Maria Rosário - Acho que eu queria estudar o sistema de crenças dos Kaimbé.

Coqui - Os Kaimbé ficam numa aldeia próxima aos Kiriri.
Maria Rosário - Exato. Na região havia, tradicionalmente, quatro aldeias Kiriri: Saco dos Morcegos, atual Mirandela, Natuba, atual Soure, Canabrava, atual Pombal, e Geru, atual Tomar do Geru, em Sergipe. No mesmo período, Pedro Agostinho elabora um Projeto de Pesquisas sobre Povos Indígenas na Bahia, depois redenominado Programa de Pesquisas Povos Indígenas do Nordeste Brasileiro, uma ampliação do projeto original. A partir daí, a gente começa a ampliar o raio geográfico e etnográfico de ação. Não havia mais sentido ficarmos limitados apenas à Bahia. A preocupação do Pedro Agostinho sempre foi a de criar um programa de pesquisas de caráter acadêmico combinado com uma Antropologia, digamos, mais engajada; na medida em que ele sempre considerou que a intervenção deveria ser precedida de um conhecimento sistemático sobre a realidade investigada. Nesse sentido, talvez seja possível afirmar que é uma marca característica nossa - isto é, do PINEB -- nunca sugerir uma intervenção sem um conhecimento prévio daquele povo. Só se pode intervir, só se deve sugerir qualquer alteração, qualquer medida para um determinado grupo, uma vez o antropólogo tenha um mínimo de conhecimento sobre o plano das relações econômico-sociais-e-políticas.

Coqui - É partindo dessa concepção que nasce a ANAÍ?
Maria Rosário - Exatamente. Só que a ANAÍ nasce um pouco depois.

Coqui - Mas nasce dentro dessa perspectiva.
Maria Rosário - Nasce dentro dessa perspectiva, como uma espécie de prolongamento daquele primeiro projeto. São algumas das pessoas que estavam naquele primeiro projeto de estudo das populações indígenas da Bahia que vão pensar na criação de uma espécie de 'braço político'complementar ao trabalho propriamente acadêmico. Este vai ser a ANAÍ.

Coqui - Retomando...
Maria Rosário - Foi assim pensando que a equipe do PINEB começa um trabalho sistemático de conhecimento. A moçada nova - na qual eu me incluía, naquela época - começou a definir os seus objetos de pesquisa. Eu pensei, inicialmente, em estudar os Kaimbé, mas acabei me definindo pelos Pataxó.

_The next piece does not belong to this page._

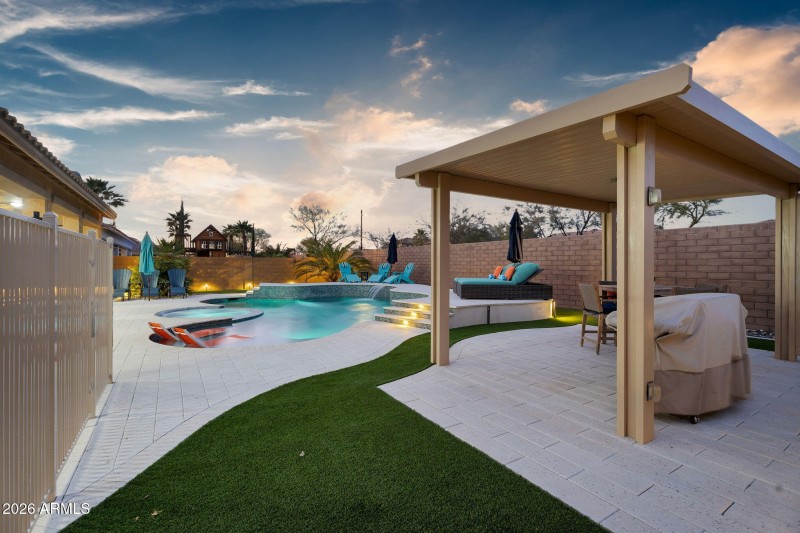 69-web-or-mls-4717 Quantum Way-7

Pedro Agostinho começou a pensar nos Pataxó como objeto de um programa-piloto, voltado para estudar o sistema econômico e tendo em vista a questão da demarcação do território.. Foi a partir daí que me interessei em estudar o sistema econômico e ecológico dos Pataxó. Não é possível estudar a economia sem estudar a ecologia. Eu comecei, portanto, pela Antropologia Econômica. Eu tinha uma certa formação de caráter marxista, leituras... Por conta dessa característica, fui, de certo modo, convencida a estudar o sistema econômico dos Pataxó. Antes mesmo de terminar o bacharelado, comecei a fazer o mestrado, estudando os Pataxó.

Coqui - Onde você fez a pós-graduação?
Maria Rosário - Aqui na UFBA. Sob a orientação do Pedro Agostinho.

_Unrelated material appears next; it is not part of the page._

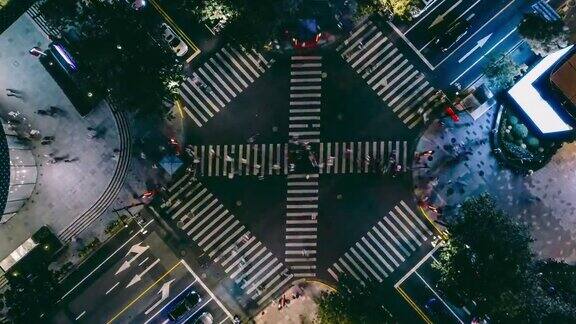 无人机视角的城市街道十字路口在夜间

Coqui - Você é, em todos os sentidos, "prata da casa".
Maria Rosário - Sem dúvida. Minha grande escola foi a Faculdade de Filosofia e Ciências Humanas e o Departamento de Antropologia através do PINEB.

Coqui - A visibilidade dos grupos indígenas no Nordeste, verificada nas últimas décadas, tem sido denominada por antropólogos e indigenistas de emergência ou ressurgência étnica. Recentemente, em Olinda, lideranças indígenas rejeitaram ambos os termos e se auto-denominaram "índios resistentes". Em que consiste a diferença entre os conceitos. Qual a razão da chamada emergência desses grupos indígenas?
Maria Rosário - Veja só. Todos esses grupos estavam ocultados porque lhes ocultaram, mas também estavam ocultados porque o processo de ocultamento foi tão violento que eles devem ter relutado muito antes de voltar 'à superfície' para reivindicar e demonstrar que haviam persistido enquanto grupos organizados.

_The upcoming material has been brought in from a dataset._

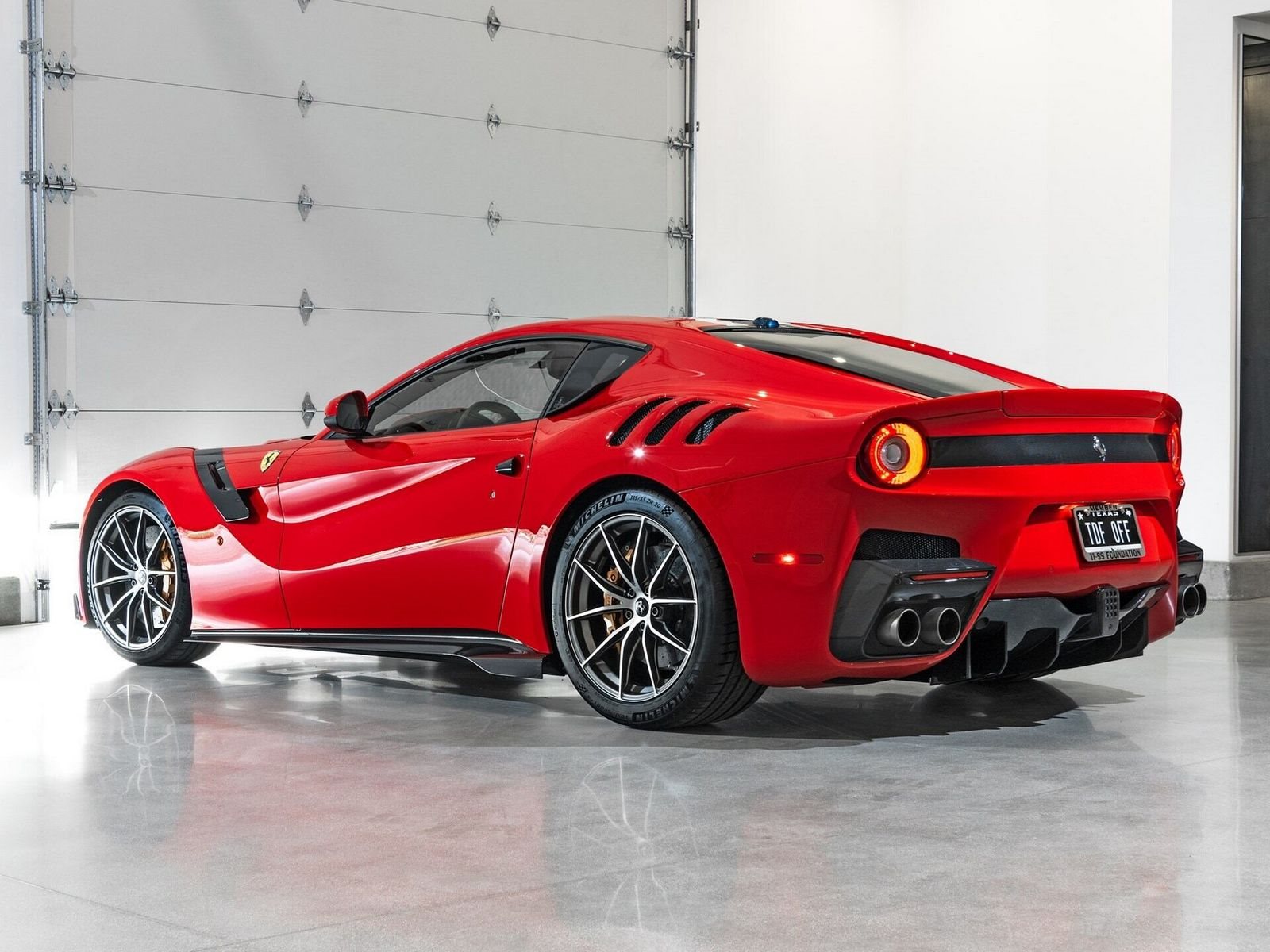 FERRARI F12tdf ROSSO SCUDERIA, foto 2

Coqui - Muitos desses grupos eram reconhecidos como "caboclos".
Maria Rosário - Esse processo se deu quando suas aldeias foram elevadas à condição de Vilas, no século XVIII. Na verdade, isso foi uma espécie de morte anunciada. Elevam-se as aldeias a vilas e decreta-se que elas seriam habitadas por índios e não-índios. Foi uma espécie de decreto assimilacionista, quer dizer, o objetivo da medida era, efetivamente, forçar à assimilação. Todas a medidas foram tomadas nesse sentido.

Coqui - Em que ano foi publicado o decreto?
Maria Rosário - Em 1757 tem lugar o decreto de criação de Vilas. Mas isso se completa com a Lei de Terras, em 1850. A Lei de Terra cria as condições que faltavam para o esbulho das terras indígenas.

"[...] quando eu fui fazer o trabalho de campo entre os Pataxó, eu ouvi uma extraordinária liderança. Ela me disse - com toda a autenticidade que ela detinha: -"Mas, Rosário, eu, a vida toda queria ver um índio, não sabendo eu que era uma índia!". Os Pataxó estavam isoladíssimos"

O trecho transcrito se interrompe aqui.